Когда я получил возможность читать книги, да еще по своему выбору, когда стал размышлять над философскими и поэтическими произведениями, тогда началась жизнь «по ту сторону отчаянья». Тогда я возобновил и мысленные записи в моем лирическом дневнике.
Когда я говорю здесь о «тюремных буднях», я имею в виду не только прозябание, грозящее вырождением, но и трудную «будничную работу» мысли: поиски выходов. Утешение приносили и мнимые выходы, особенно, если казалось, что они дают возможность заглянуть куда-то вглубь или ввысь.
Я, конечно, не хочу сказать, что только в тюремном заключении постигаются роковые проблемы, возникающие в раздумьях о пройденном жизненном пути.
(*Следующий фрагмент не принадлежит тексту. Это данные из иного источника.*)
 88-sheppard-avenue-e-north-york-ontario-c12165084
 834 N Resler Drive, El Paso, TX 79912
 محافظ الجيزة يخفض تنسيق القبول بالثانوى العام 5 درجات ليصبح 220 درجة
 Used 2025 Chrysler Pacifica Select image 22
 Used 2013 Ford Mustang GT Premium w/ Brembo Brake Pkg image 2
Но в тюрьме, да и вообще в вынужденном одиночестве, особенно явственно понимаешь, что мечты не осуществлены, ошибки неисправимы, надежды тщетны и смерть недалека, возможно, в обличьи палача. Но в этих же условиях на душевное состояние влияет своеобразное преимущество узника, находящегося в полной изоляции: хоть он страдает даже в страхе, зато освобожден на время от повседневных забот «быстротекущей жизни», от мелких житейских тягот, от суеты, из-за которой трагедия – по своей сути – может обратиться в комедию – по форме.
Стало быть, в тюремном одиночестве человек, если он владеет своими нервами, может порой мыслить на уровне чистой высокой трагедии. Правда, в одиночестве, погрузившись в размышления, человек может незаметно для себя увлечься и некими абстрактными понятиями, за которыми скрывается доступная людям реальность. Такова была обуревавшая меня в секретной тюрьме жажда бессмертия.
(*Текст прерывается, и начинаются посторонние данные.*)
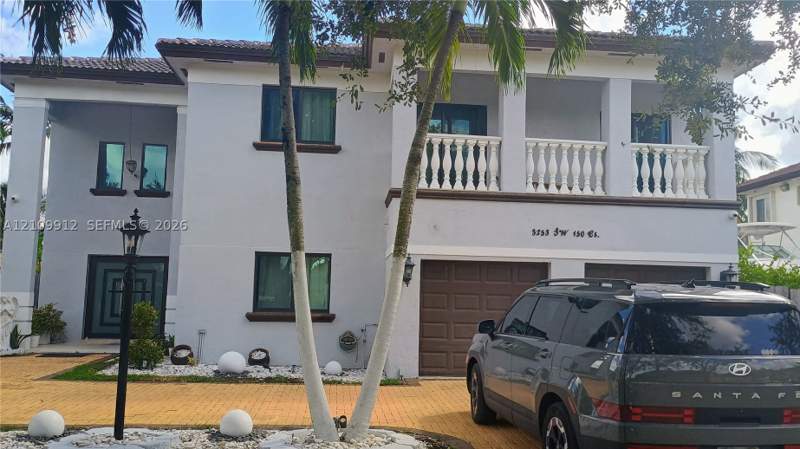 5 bedroom SingleFamilyResidence at 3253 SW 150 Ct, Kayla S Place, Miami — photo 2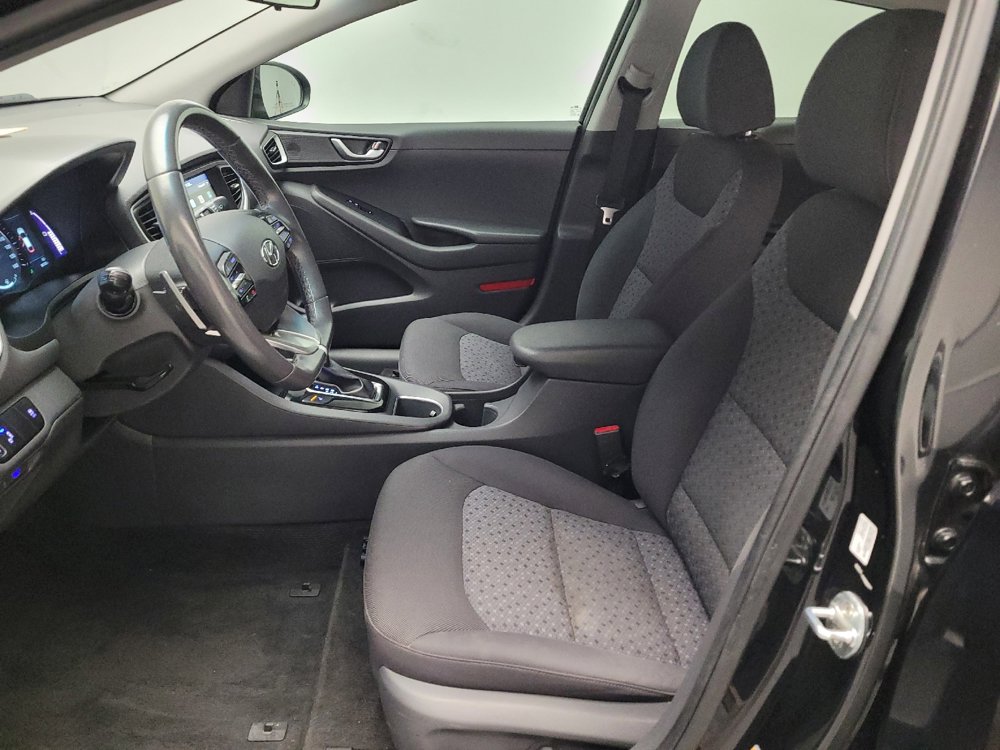 Used 2018 Hyundai Ioniq SEL image 17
Если бы я был религиозен, я бы обрадовался, что «жив чувством соприкосновения таинственным мирам иным» – как говорил русский инок у Достоевского. Не было этого. К сожалению. Несмотря на то, что человек в тюрьме причастен к тайнам бытия больше, чем в повседневной сутолоке.
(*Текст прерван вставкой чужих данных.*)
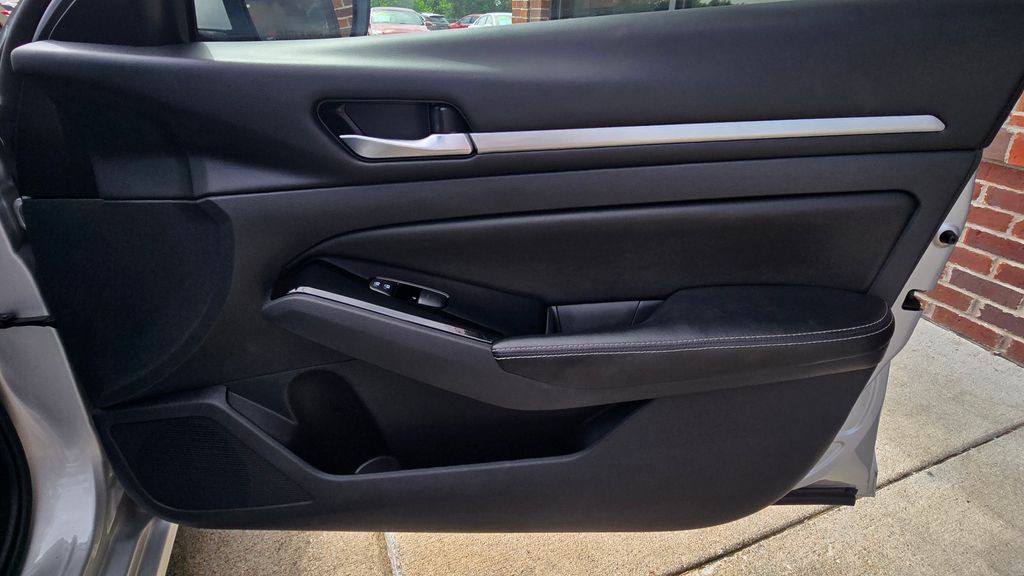 2023 Nissan Altima Image 30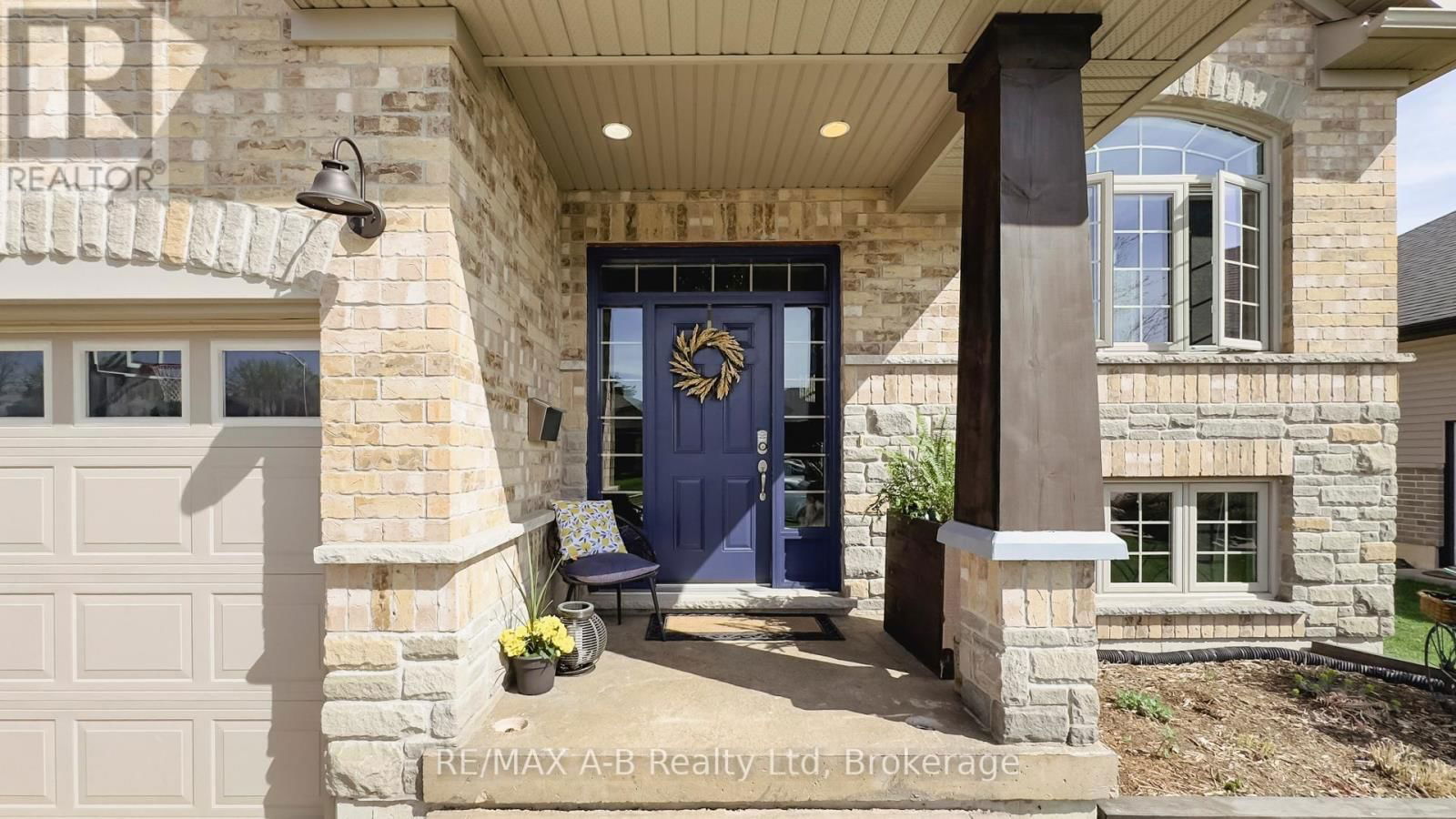 83 SYLVIA STREET Image 5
Я думаю, что страстная воля к бессмертию, томившая душу в одиночном заключении, была и выражением тоски по жизни во всем ее величии и красоте, была вместе с тем игрой ума и защитной реакцией в застенке. С этой точки зрения мои попытки в тюрьме выразить в словах мечты о бессмертии – форма поисков выхода из тупика.
…Итак, рассказ о тюремном тупике, начатый зловещим изречением «Змея есть змея, тюрьма есть тюрьма» и посвященный в значительной своей части опасным сторонам пребывания в особорежимной тюрьме, – я заканчиваю рассуждением о высокой трагедии и общечеловеческой радости.
Такой ход повествования отражает развитие моего душевного мира во время долгого пребывания в Сухановской тюрьме. Тюремщики вряд ли были способны понять, каким образом эпитет «особая» может приобрести иной смысл, чем тот зловещий, который они ему придавали. Действительно, рассказывая о моих мечтаниях в одиночке, я описываю особое состояние, но не состояние деградации, которого добивались тюремщики, а наоборот, поиски выхода из тупика. Правда, мечты о бессмертии могли быть и формой бегства от страшной действительности. Все дело в том, что бежать от нее нельзя было. Скрыться от действительности было невозможно потому, что тюрьма была частью страны (я уже писал об этом). Сухановская тюрьма с ее условиями существования, губительными для личности, была по своей сути типичной для страны и эпохи. Эти анормальные условия не могли бы стать реальностью, если бы эту тюрьму не породил античеловечный режим того времени.
Мои размышления в одиночке были не только поисками выхода из тюремного тупика, но и поисками выхода из огромного лабиринта обмана и самообмана.